His name is John Silver
There’s something profoundly satisfying in Silver’s arc, something which I find very difficult to put into words, but I think there are three layers to it.
Layer one has to do with seeing a human grow into a myth, witnessing a legend coming to life. Layer two has to do with the inner workings of oral storytelling, the fact that we, as humans, are programmed to rejoice when we recognise an older story inside a new one; the belonging we feel when a literary motive we grew up with resurfaces inside a new narration, the thrilling comfort we take in finding out that history does, in fact, rhyme [watching those pirate stories we grew up with as they shed their 19th century persona to wear a 21st century one, without ever ceasing to be true to their core] -
Layer three, though, has to do with Silver, and Silver alone. The point is, the feeling I feel towards a character is a function of the fact that they will never be mine; that their story won’t be living inside mine forever; that no matter how much I long for them, what I have of them is finite, and I must part from them eventually.
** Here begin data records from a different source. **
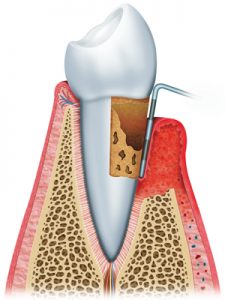 periodonto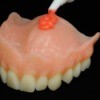 Top Dentures with Adhesive being applied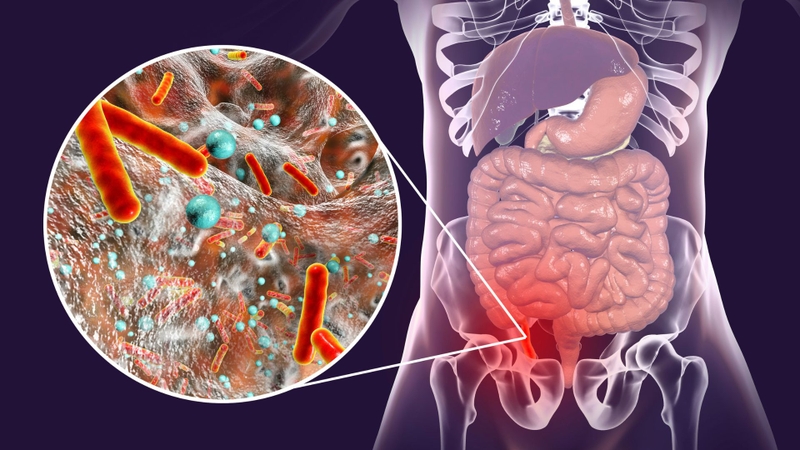 Những dấu hiệu đau ruột thừa là gì? Các giai đoạn của viêm ruột  như thế nào? 3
But if I love a character the most because they elude me, then few characters will be more lovable than Silver, the one you cannot define, cannot know, cannot grasp; the ever-shifting changeling whose many faces are all true at the same time, but none more than the others – and nothing will ever tell you more about yourself than the face John Silver chooses to show you and you alone, or so you think. And can you really call a liar a creature who’s simply and truly made of many opposing creatures, all aiming towards the same inscrutable aim? The trickster, the killer, the storyteller who becomes the story itself. His name is John Silver, and it’s a name that will outlast us all.